[GIVEN DATA Boundary: Start]

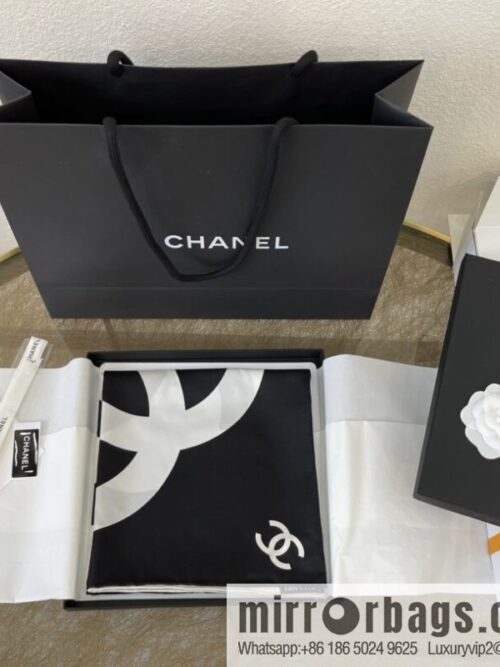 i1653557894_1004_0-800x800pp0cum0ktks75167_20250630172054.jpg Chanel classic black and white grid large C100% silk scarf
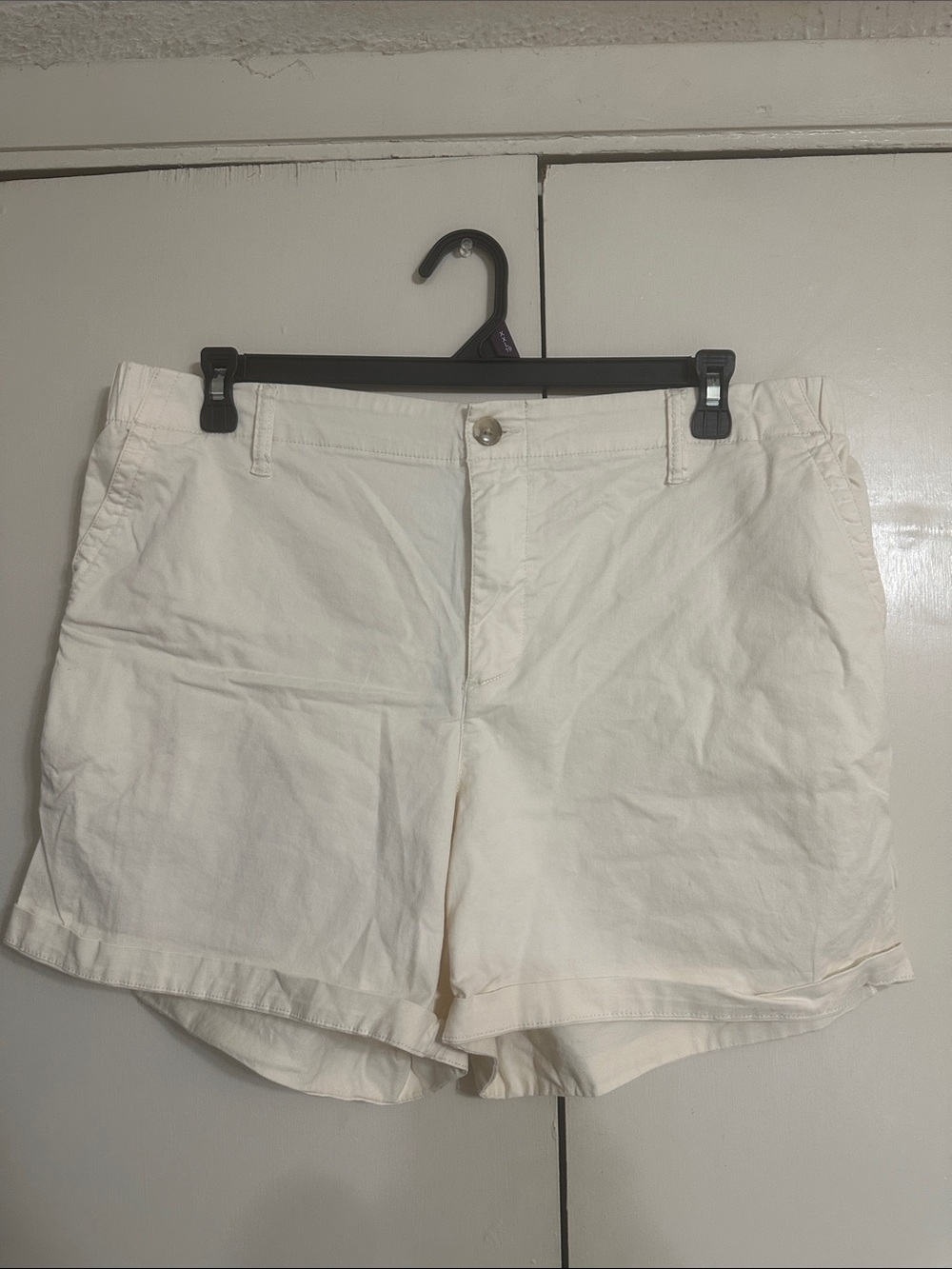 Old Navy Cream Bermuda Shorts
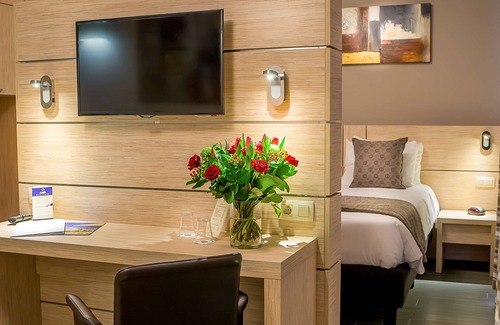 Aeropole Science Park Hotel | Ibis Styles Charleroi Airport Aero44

[GIVEN DATA Boundary: End]
[GIVEN DATA Boundary: Start]

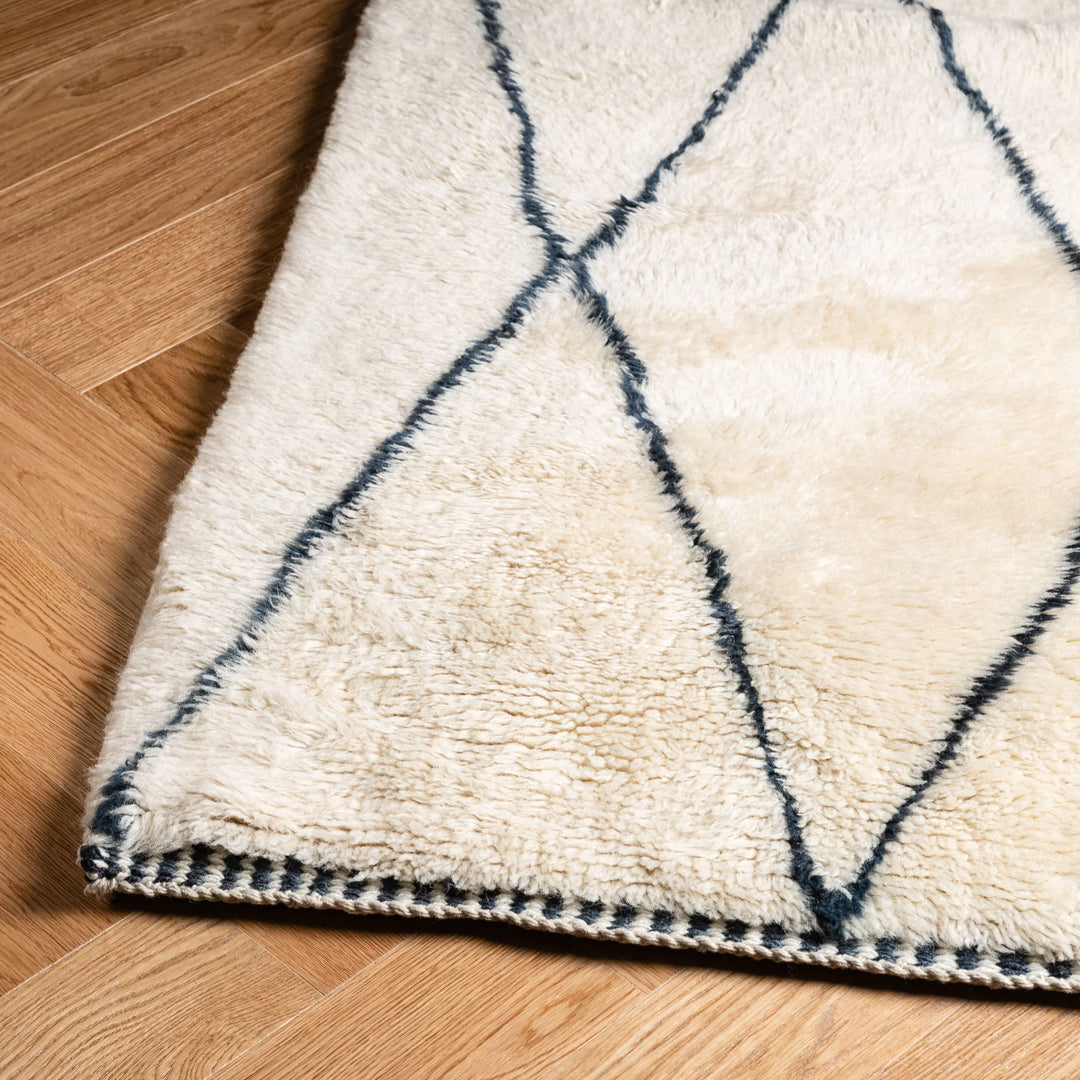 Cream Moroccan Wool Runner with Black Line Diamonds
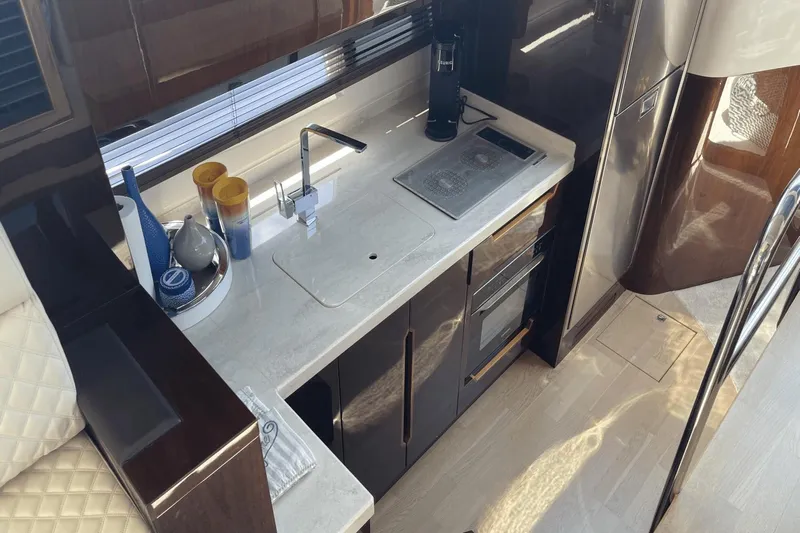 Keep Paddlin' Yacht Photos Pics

[GIVEN DATA Boundary: End]
[GIVEN DATA Boundary: Start]

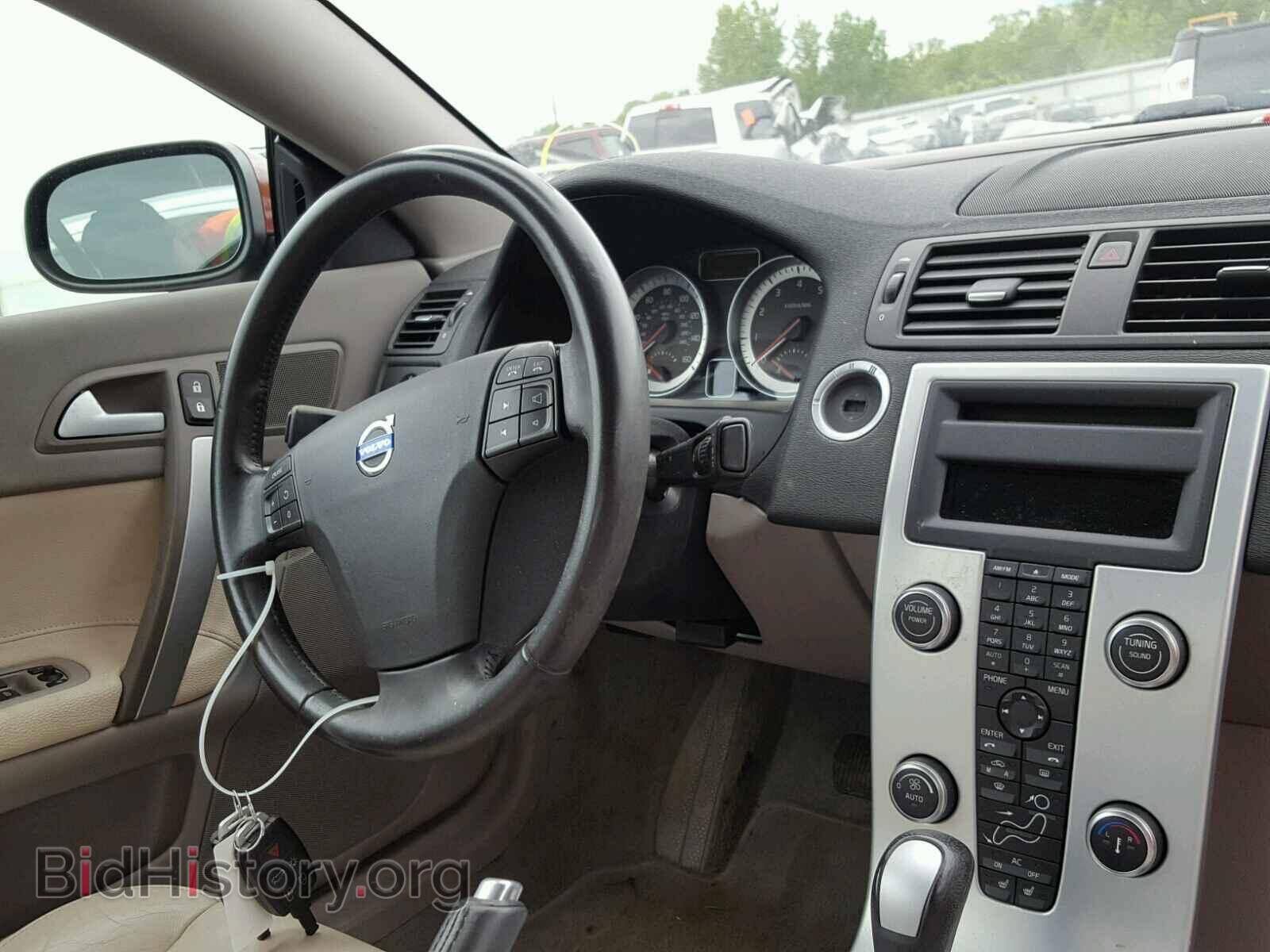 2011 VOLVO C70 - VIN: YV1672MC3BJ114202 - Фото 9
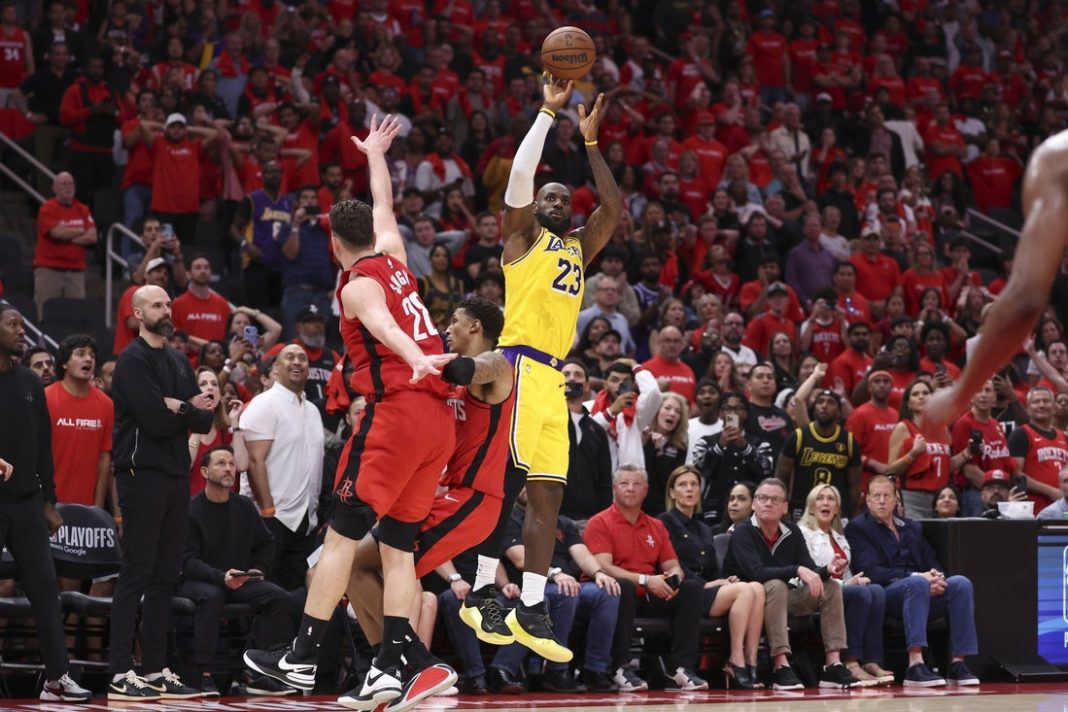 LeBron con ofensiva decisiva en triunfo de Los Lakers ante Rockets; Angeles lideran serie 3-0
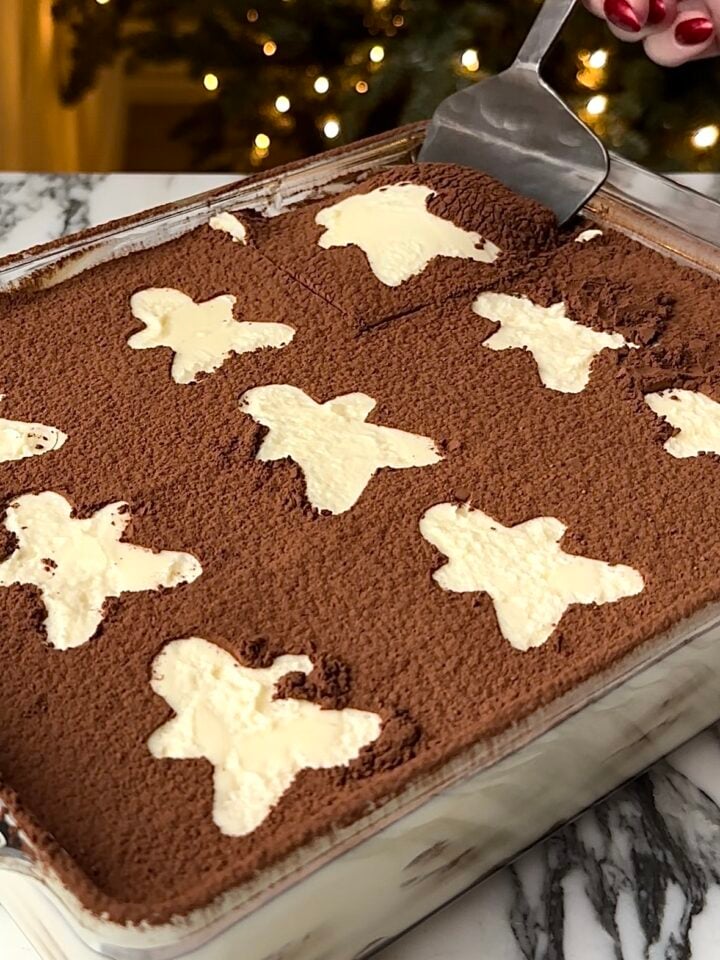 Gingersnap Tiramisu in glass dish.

[GIVEN DATA Boundary: End]

_TASK_
All that is wanted is the lines above between the one containing "LeBron con ofensiva" and the one containing "Gingersnap Tiramisu in glass dish.", inclusive, restated word for word, with pictures omitted.

_OUTPUT BELOW_
 LeBron con ofensiva decisiva en triunfo de Los Lakers ante Rockets; Angeles lideran serie 3-0
 Gingersnap Tiramisu in glass dish.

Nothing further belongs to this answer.